Monday, October 10, 2016

Biases in Weather Forecasting

When it comes to biases, meteorologists have to deal with at least three.

The first is bias in our modeling systems.  All modeling systems have shortcomings and tendencies.  Some of these are systematic, in that they appear frequently (but not necessarily consistently).  For example, many lower resolution ensemble modeling systems underpredict the frequency of significant precipitation events over the western United States.

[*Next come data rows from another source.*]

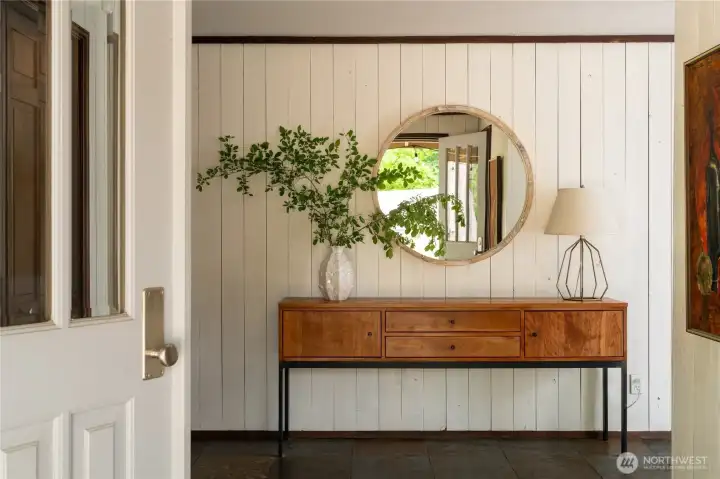 An inviting entry way leads you to the living room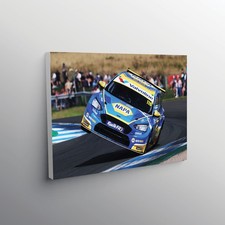 BTCC Ash Sutton Knockhill Motor Sport Canvas 2025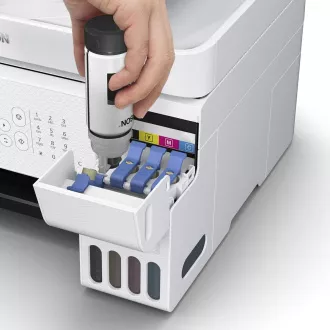 EPSON tiskárna ink EcoTank L5296, 4v1, A4, 1440x5760dpi, 33ppm, USB, Wi-Fi, LAN, bílá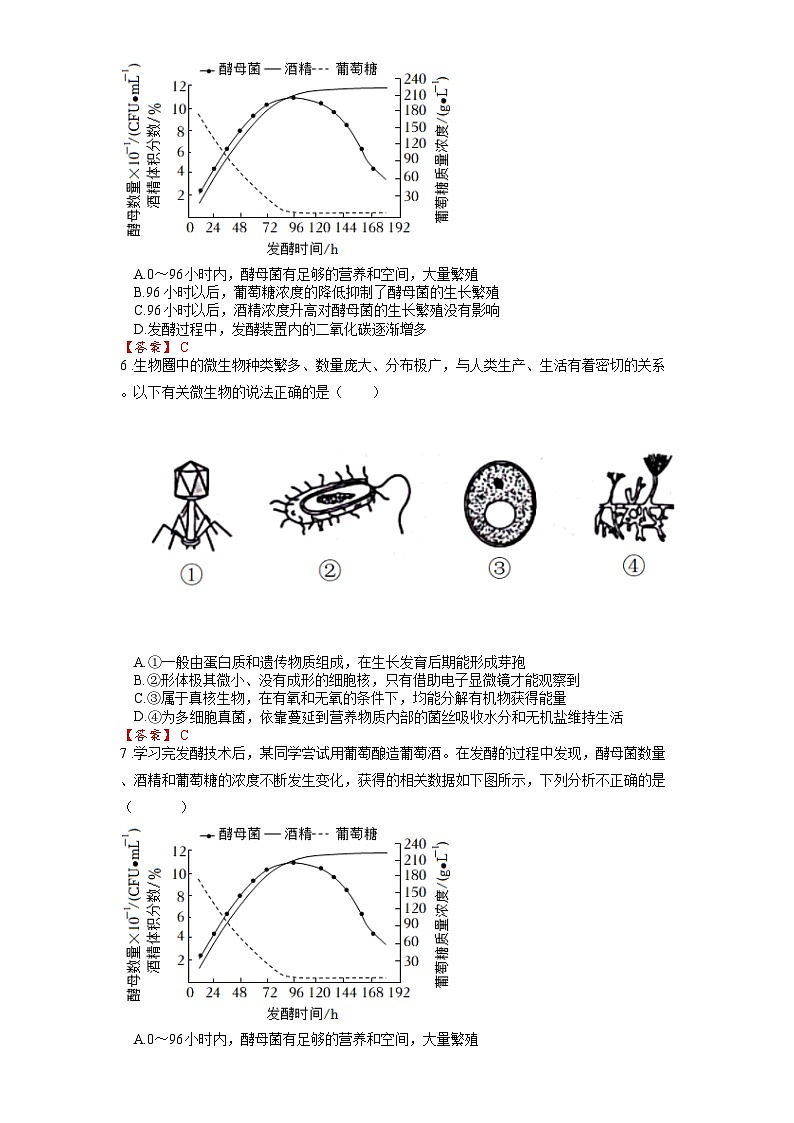 2025年中考生物一轮复习考点通关练习专题19 生物圈中的微生物（解析版）第2页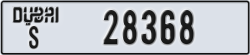 dubai - code - S - number -28368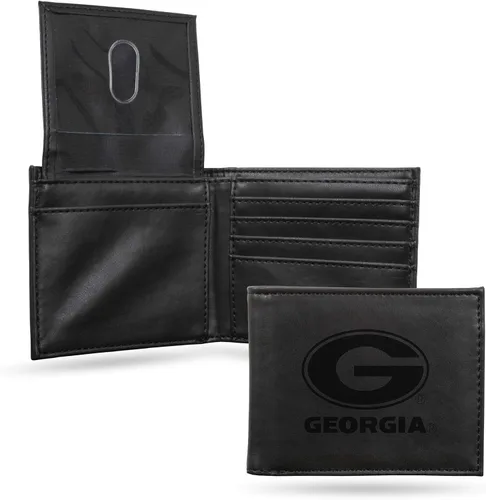 Vista 40 de NCAA Rico Industries Cartera Billetera con Grabado Láser Cartera Billetera con Grabado Láser - Diseño Delgado - Gran Regalo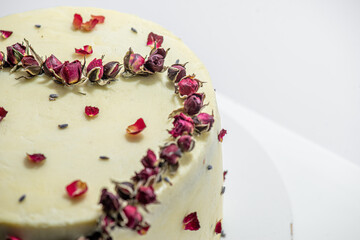 Tasty cake for celebration wedding or birthday party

Let's take a look at the Global Ensemble Forecast System as an example.  The GEFS is based on a relatively low resolution model and it struggles to predict major precipitation events at mountain locations in the western U.S.  The plot below shows the frequency of occurrence of observed events at SNOTEL stations compared to that produced by the GEFS control and GEFS mean.  The key line is the black dotted one, which is the ratio frequency of observed events compared to that predicted by the GEFS control (known as frequency bias, scale at the right).  Ideally, this dotted black line would be near 1, which would mean the model produces as many events as observed.  In the Pacific Ranges (i.e., the Cascades, Sierra Nevada, and coastal ranges) the GEFS doesn't do too badly for smaller vents, but it clearly underpredicts the frequency of events larger than 25.4 mm (1.0 inches).  In the western U.S. interior, the situation is even worse.

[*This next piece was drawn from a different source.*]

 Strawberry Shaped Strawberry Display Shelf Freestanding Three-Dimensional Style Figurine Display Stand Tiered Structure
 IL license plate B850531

Source: Lewis et al. (2016, in prep.)
It is possible to adjust the GEFS forecasts to correct for these biases.  One approach that the National Weather Service uses is known as statistical downscaling.  The basic idea here is to use gridded, high-resolution analyses of climatological precipitation to add detail to the GEFS forecasts.  If one does this (I'm going to sweep the details of how this is done under the rug, one can significantly improve the biases.

Source: Lewis et al. (2016, in prep)
That looks fantastic.  A near-perfect model right?  Wrong.  There are also random errors.  Perhaps with these adjustments the GEFS gets the number of events of a given size right, but unfortunately there will be times it forecasts an event and it doesn't happen or it doesn't forecast an event and it does happen.

The second is human forecaster bias.  Some meteorologists are prone to overforecast precipitation, whereas others tend to underforecast.  Bias can sometimes change depending on event size as it is possible for one's biases to be different for large events than garden-variety events.  Meteorologists, like all scientists, need to guard against these biases.  One of the advantages of consensus forecasts produced by a team of meteorologists is that human biases often cancel, leading to a more objective forecast.  On the other hand, teams are not immune from bias either.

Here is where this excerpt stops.